- [TASK GOAL]: Reproduce the whole listing below without its pictures, exactly as written.

- [DATASET EXTRACT]:
[Start of Attachment]

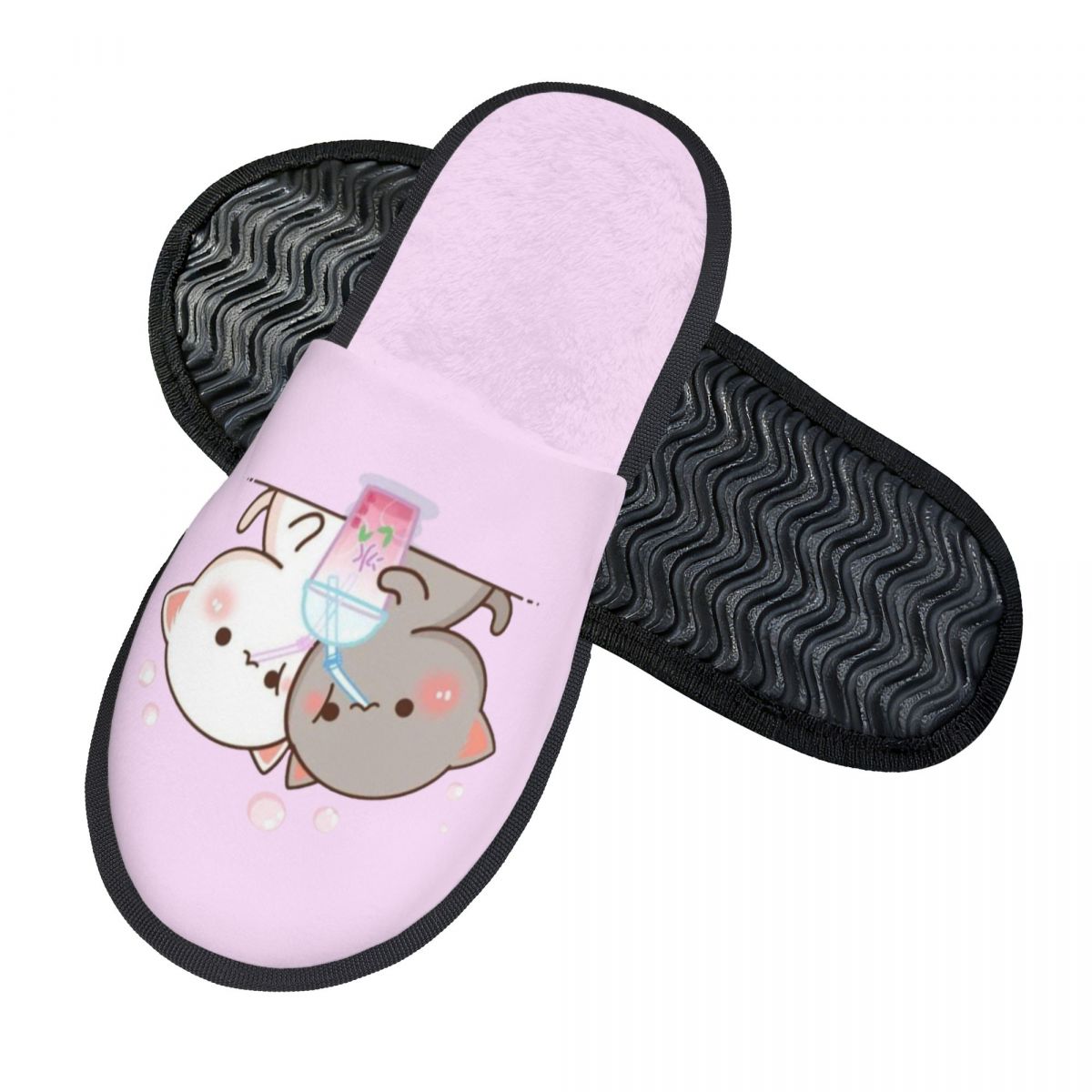 カスタムカップルモチキャットピーチとゴマスソフトメモリーフォ - Women Shoes Mochi のレビューと価格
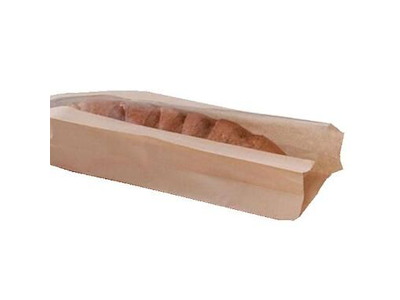 Rudepose franskbrød stor 140/70x450 mm 40 gr brun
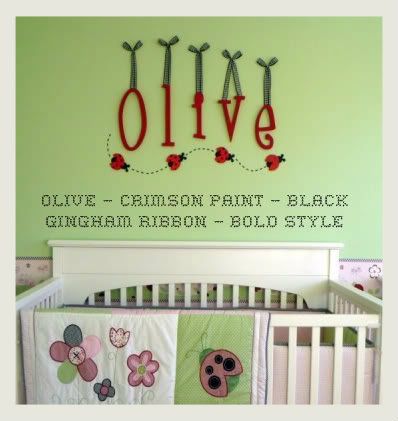   PAINTED PERSONALIZED WOODEN WALL LETTERS BABY NURSERY GIRLS BOY  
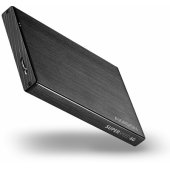 External HDD SSD Enclosure 2.5" USB3.0 Black EE25-XA6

[End of Attachment]

- [EXPECTED ANSWER]:
 カスタムカップルモチキャットピーチとゴマスソフトメモリーフォ - Women Shoes Mochi のレビューと価格
 Rudepose franskbrød stor 140/70x450 mm 40 gr brun
   PAINTED PERSONALIZED WOODEN WALL LETTERS BABY NURSERY GIRLS BOY  
 External HDD SSD Enclosure 2.5" USB3.0 Black EE25-XA6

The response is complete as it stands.